About Troy University
Troy University’s tradition of teaching excellence dates to its founding on February 26, 1887, when an act of the Alabama Legislature established State Normal School Troy as an institution to train teachers for Alabama’s schools. Joseph Macon Dill was the institution’s first president. In 1893, the school was renamed Troy State Normal College.
The Normal College offered extension courses for teachers and granted teaching certificates until 1929 when the State Board of Education changed the charter of the institution and renamed it Troy State Teachers College. That same year, the College moved to its present site and the first two buildings were dedicated: Shackelford Hall, named for Edward Madison Shackelford, president of the school from 1899-1936, and Bibb Graves, Alabama’s “education governor.” Graves is also remembered for commissioning the Olmsted Brothers architectural firm of Brookline, Massachusetts, to design the campus landscape plan.
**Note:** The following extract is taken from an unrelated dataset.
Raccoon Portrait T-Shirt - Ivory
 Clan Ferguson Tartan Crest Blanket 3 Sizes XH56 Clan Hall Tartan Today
Like many American universities, Troy State Teachers College enjoyed one of its most prosperous periods of growth in the years following World War II when returning veterans took advantage of the GI Bill. Under the presidency of Dr. C.B. Smith, the enrollment of the College more than doubled and this growth led to the introduction of degree programs in disciplines other than education, most notably in business. In 1957, the State Board of Education recognized this expanded role and dropped “Teachers” from Troy State College’s name.
The decade of the 1950s also marked the University’s long relationship with the United States military, as extension courses were offered on nearby bases, first at Fort Rucker, near Dothan and later at Maxwell Air Force Base in Montgomery. A separate Troy State College teaching center was established at Fort Rucker in 1961, which evolved into the modern Dothan Campus.
In 1967, Gov. Lurleen B. Wallace appointed eight members to the newly established Troy State College Board of Trustees, removing the institution from the control of the State Board of Education. One of the first acts of the new board was to recommend the change of the name to Troy State University. The new name became official on Dec. 14, 1967, following an announcement by President Ralph W. Adams.
In 1975, the Phenix City Campus was opened as a branch campus.
In 1982, the Troy State University System was formed, as the campuses in Dothan and Montgomery were granted independent accreditation status by The Southern Association of Colleges and Schools (SACS).
In 2000, the Board of Trustees and Dr. Jack Hawkins, Jr., Chancellor, discussed the unification of the Troy State University System through the process of removing independent academic accreditation of Troy State University Dothan and Troy State University Montgomery. This led to a five-year strategic plan to consolidate the campuses into one university. The administrative leadership and the Board of Trustees decided that unification of the Troy State University System was necessary to achieve the following goals:
That process was a team effort with more than 350 faculty and staff members serving on committees and work groups that have handled the detail work of unification. The official unification of the University took place Aug. 1, 2005. This date also marked the official changing of the University’s name from Troy State University to Troy University. The Board of Trustees approved this name change in April 2004 to better reflect the worldwide mission of the University.
Today, Troy University serves students not only on four Alabama campuses, but at teaching sites around the globe. The University extends its mission through providing award-winning distance education online via its eCampus. There are more than 106,000 alumni worldwide.